Solved – Reasons not to one-hot-encode categorical features

categorical datacategorical-encoding

I overheard a colleague discussing her strategy for using categorical features the other day, and she mentioned that instead of one-hot-encoding, she does something like this:

cat_string    cat_num
dog                 0
cat                 1
dog                 0
dog                 0
horse               2

Then she feeds cat_num (along with other inputs, potentially) into her model(s), without one-hot-encoding.

Now, there's obviously no issue if she wanted to assign these numbers to the categories and one-hot-encode – inputs created by OHEing cat_string versus cat_num would be identical, and she would actually be doing a sort of file compression if she dropped cat_string and just preserved that mapping – so nothing bad about that.

I could see not one-hot-encoding cat_num maybe being fine in two other cases

1) Where there is some natural ordering to the categories, e.g. low, medium, and high, and that ordering is reflected in the integer encoding applied, e.g. low: 0, medium: 1, and high: 2

2) Where cat_num has relatively low cardinality, no inherent ordering, and you're using a tree-based models – the idea there being that, with a well-specified tree, your tree might identify reasonable split points and effectively "learn" the one-hot-encoding, in a way.
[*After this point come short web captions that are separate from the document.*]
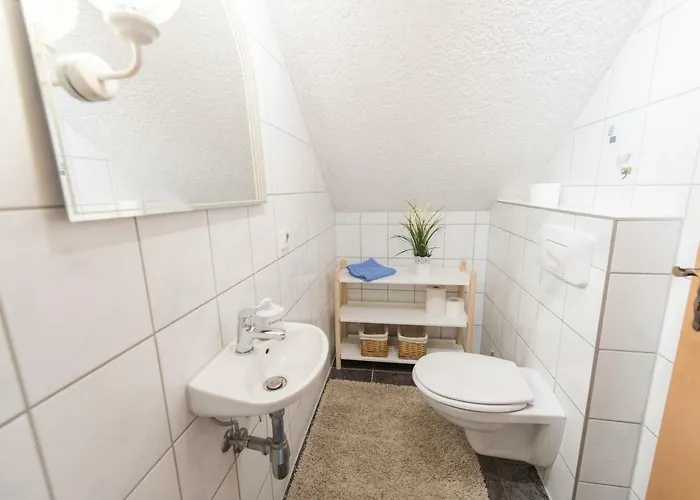 Haeuschen Vakantiehuis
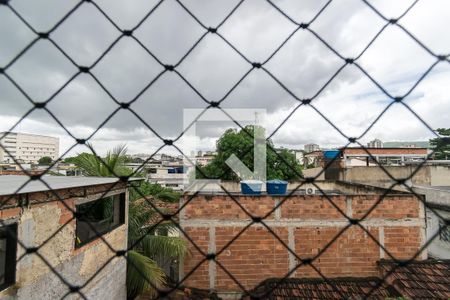 Apartamento para alugar com 50m², 3 quartos e 1 vagaVista do Quarto 1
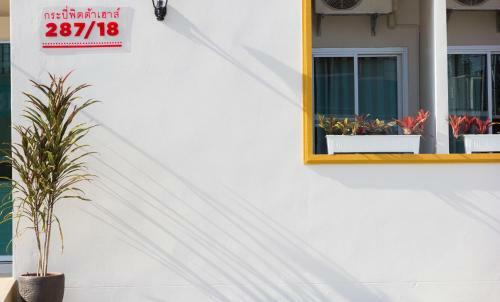 Hotel Krabi Pitta House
But that seems to be poor practice, when one-hot-encoding looks to be the best-practice way of doing things. OHEing, IMO and in general, makes things much easier to understand for these types of scenarios, and is trivial if you have enough computing power. I don't think this second approach would scale to high-cardinality categorical features with no inherent ordering, as learning "important" splits like cat_num <= 1000 seems like nonsense. Especially with a linear model, measuring the effect on the output from a "one-unit increase in cat_num", holding all else constant, is nonsense.

Can anyone else offer insight to this question?

Best Answer

A note on terminology: As far as I am aware (unfortunately, there are a lot of blogs written by people who overlook the subtle differences and thus mis-information spreads):

One hot encoding is exactly what you described, generating a map from each unique value in a string column to an integer

Dummying is making K new columns (in which K is the number of unique values), of which exactly one column per row must be one.
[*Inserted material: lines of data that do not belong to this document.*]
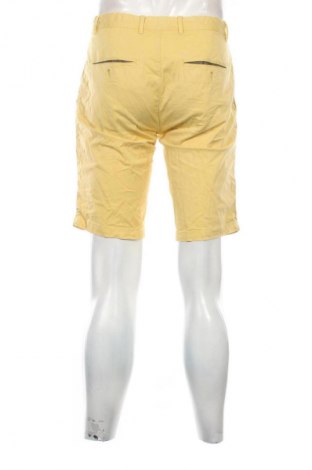 Herren Shorts Devred 1902, Größe M, Farbe Gelb, Preis 16,99 €
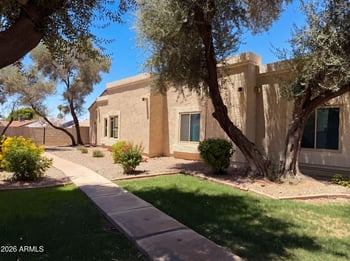 1111 Summit Pl #28, Chandler, AZ 85224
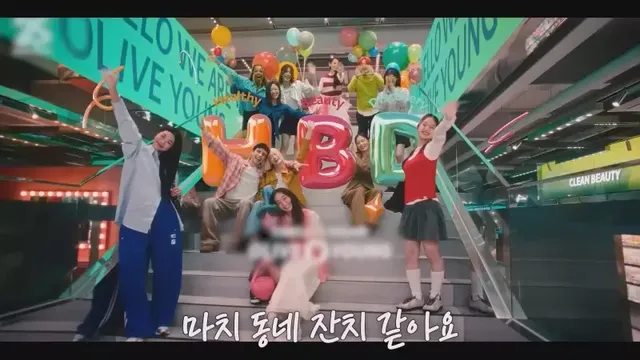 [스압] 10년 적자 올리브영을 살려낸 큰손 노희영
In the "dog, cat, horse" example, when using a decision tree, consider the following example. Perhaps your target variable is "has it ever meowed?". Clearly what you want your decision tree to do is be able to ask the question "is it a cat? (yes/no)".

If you one-hot encode, such that dog -> 0, cat-> 1, horse->2, the tree can't isolate all of the cats using one question, because decision trees always split using "is feature x greater than or less than X?"
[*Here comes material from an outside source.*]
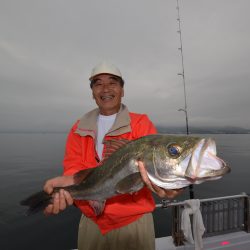 アジアマリンサービス 釣果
If you're using logistic regression, it also can't assign higher probabilities of meowing to cats.

If you dummy, the tree can explicitly ask the question "the column which signifies cat greater than 0.5?", thus splitting your data into cats and not cats.

If you use logistic regression, your optimiser can learn that the coefficient related to this column should be positive.

Thus in my opinion, whenever you have categorical data which has no implicit ordinality, always dummy, never one-hot encode.

In the case where your data has high cardinality, this could cause problems, especially if the number of examples of each type is tiny, but this is a problem you can't really solve, you simply have too detailed information for the size of your training data and using it would lead to over-fitting.

Nonetheless, one way to mitigate this, is to do some manual clustering (or actual clustering), in which you make a synthetic column, which can take fewer values, and many of the unique values of the original column map to the same value in the new column (e.g. dog, cat, horse-> mammal, pigeon, parrot , chicken -> bird). This makes it easier for the algorithm to learn, and if there's enough data, it can split further within each cluster.